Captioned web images
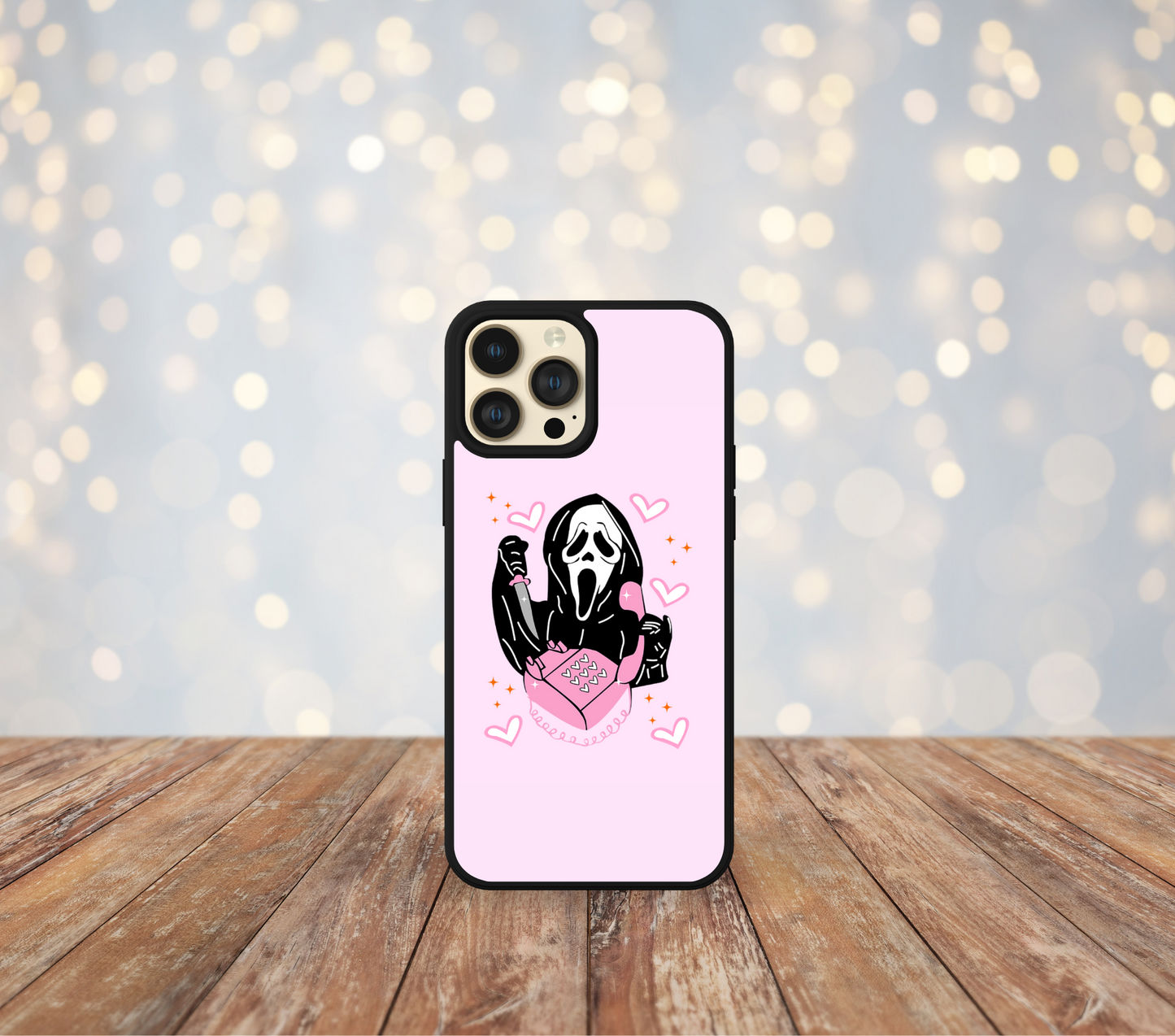 Cutesy Scream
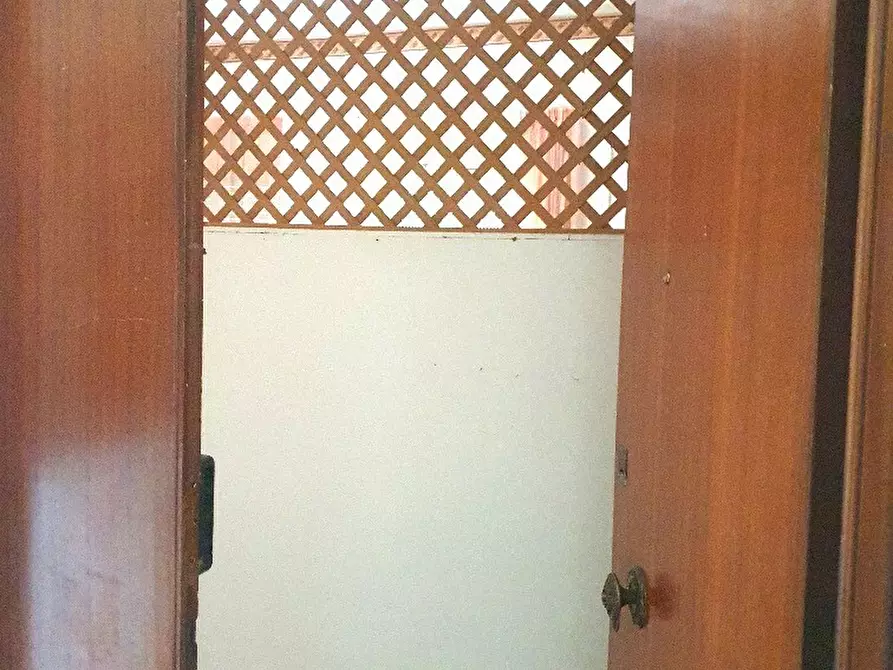 Immagine 2 di Trilocale in vendita  in Eremo Condera Diramazione Postorino 16 a Reggio Di Calabria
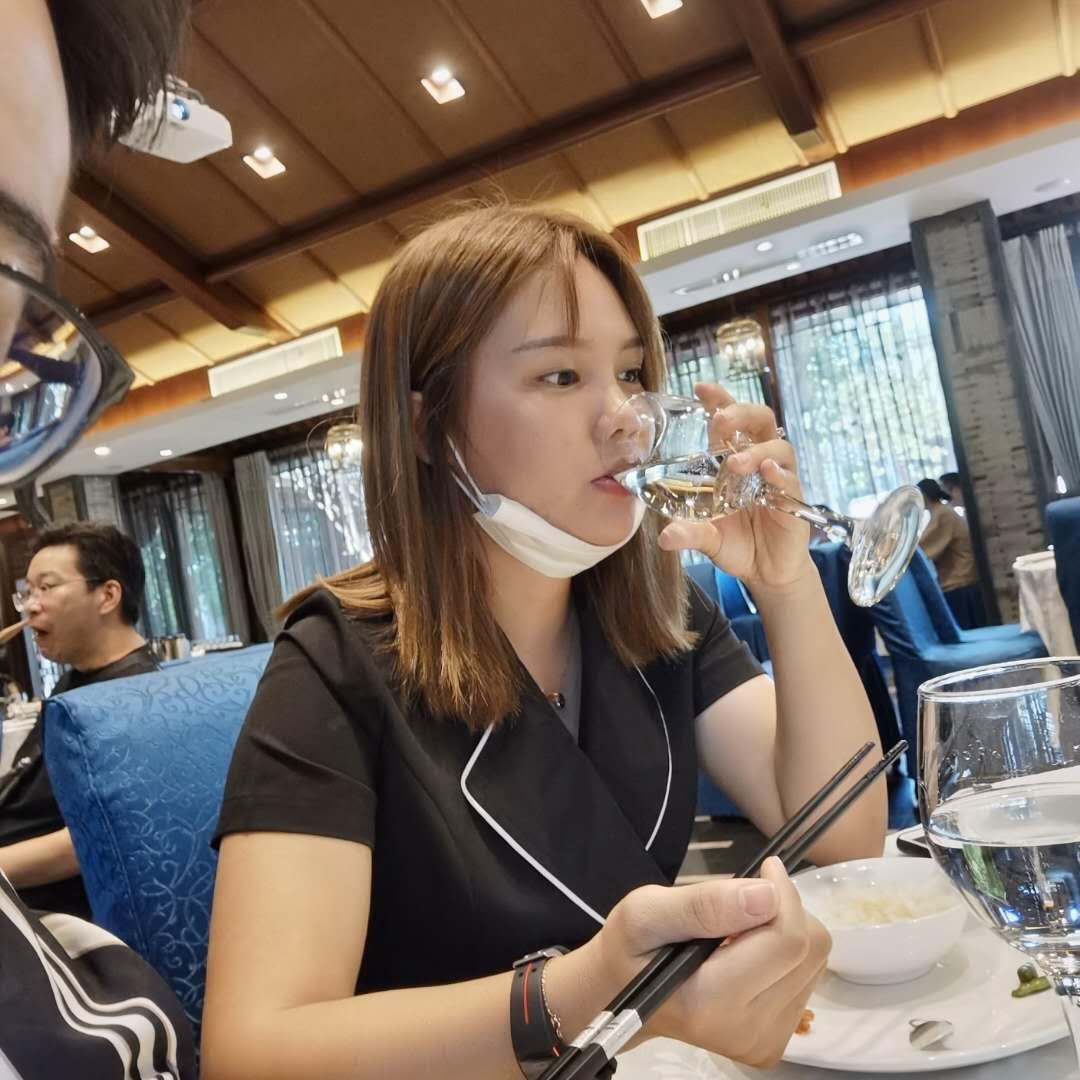 小黄想吃肉了（有关必回）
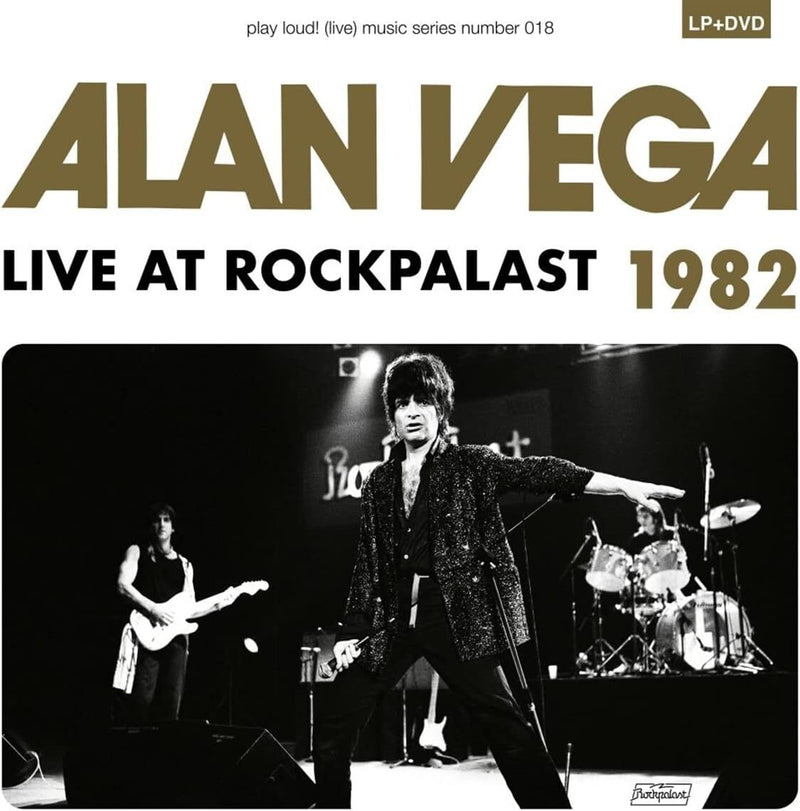 Live at Rockpalast 1982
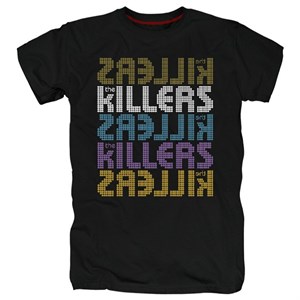The killers #7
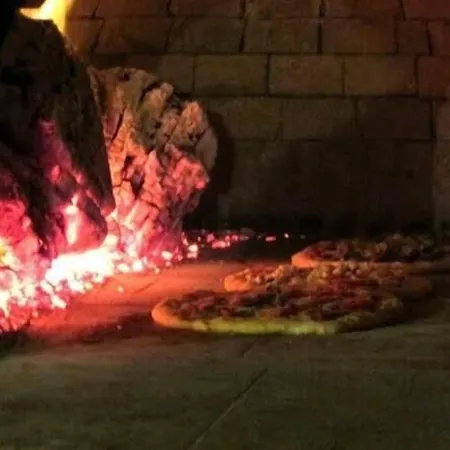 Bed & Breakfast Solesun Trapani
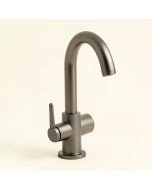Trinsic Pull Down Touch Bar Faucet With Touch2O® And Magnatite® Technologies (synthetic illustration; no displayed measurements)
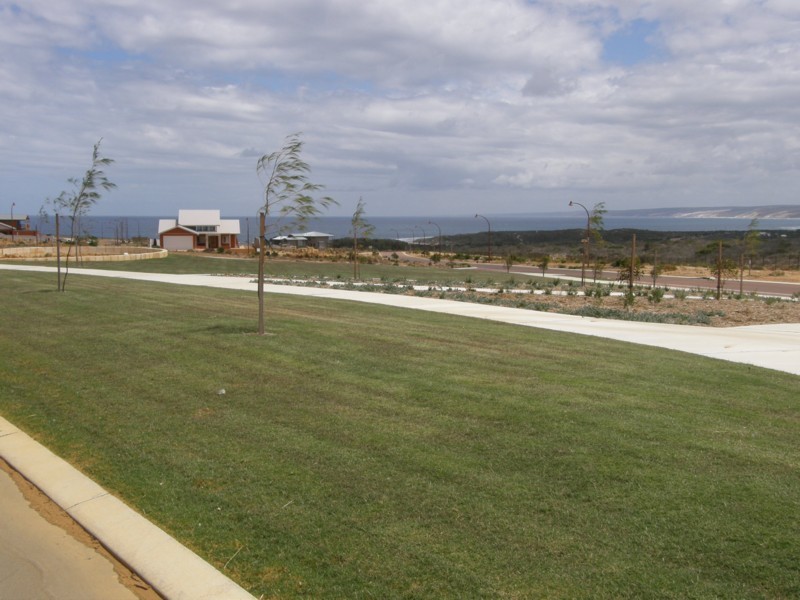 26 Wurmbea Way (Lot 181), Kalbarri WA 6536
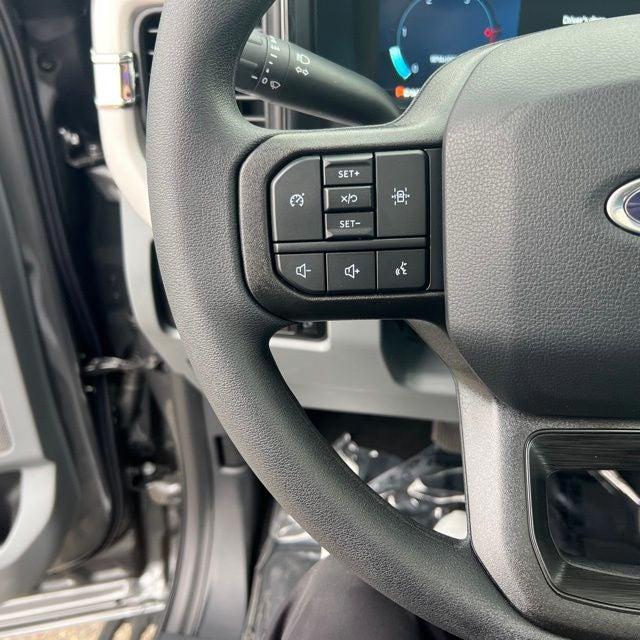 new 2025 Ford F-350 car, priced at $81,137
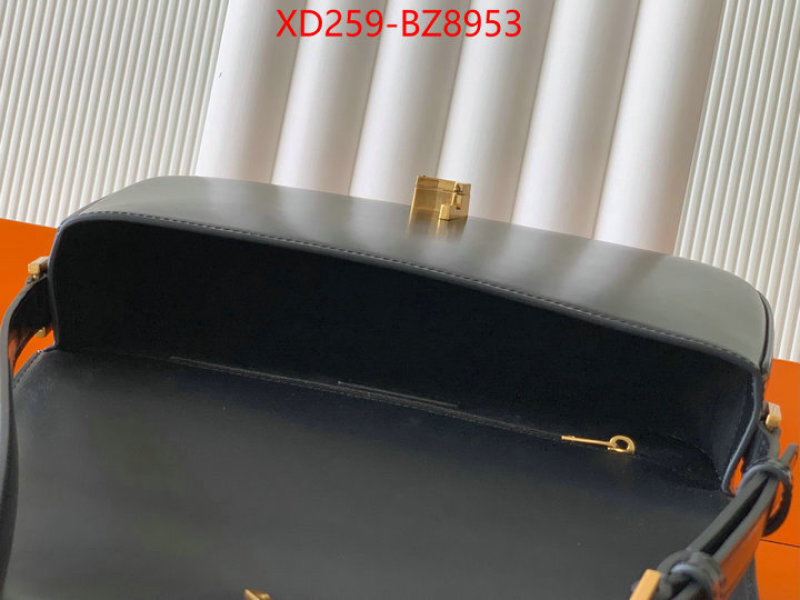 YSL Bags(TOP)-Kate-Solferino-Sunset-Jamie good quality replica ID: BZ8953 $: 259USD,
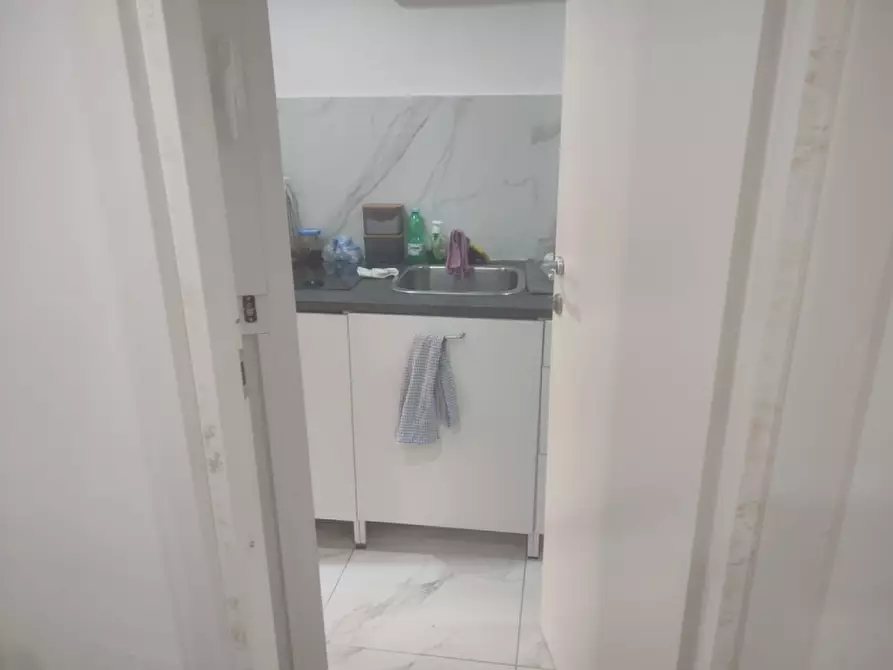 Immagine 2 di Appartamento in affitto  in gradini della piazzetta a Napoli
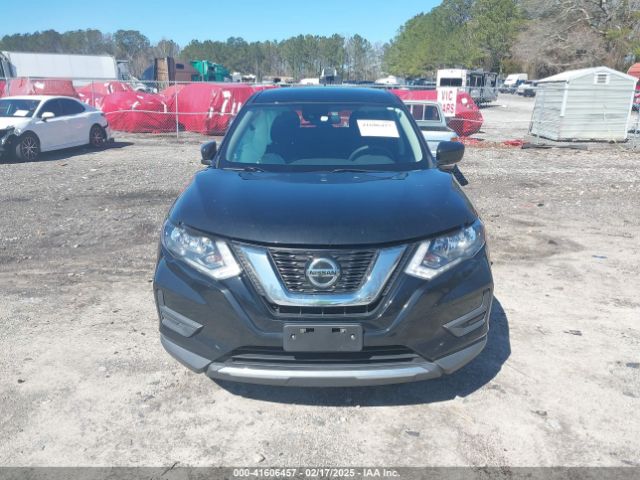 5N1AT2MV4KC785326 Nissan ROGUE S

What the task asks: Please output, exactly and with no pictures, only the lines from the one containing "26 Wurmbea Way (Lot 181), Kalbarri WA 6536" through the final line of the records above.

Exercise response:
 26 Wurmbea Way (Lot 181), Kalbarri WA 6536
 new 2025 Ford F-350 car, priced at $81,137
 YSL Bags(TOP)-Kate-Solferino-Sunset-Jamie good quality replica ID: BZ8953 $: 259USD,
 Immagine 2 di Appartamento in affitto  in gradini della piazzetta a Napoli
 5N1AT2MV4KC785326 Nissan ROGUE S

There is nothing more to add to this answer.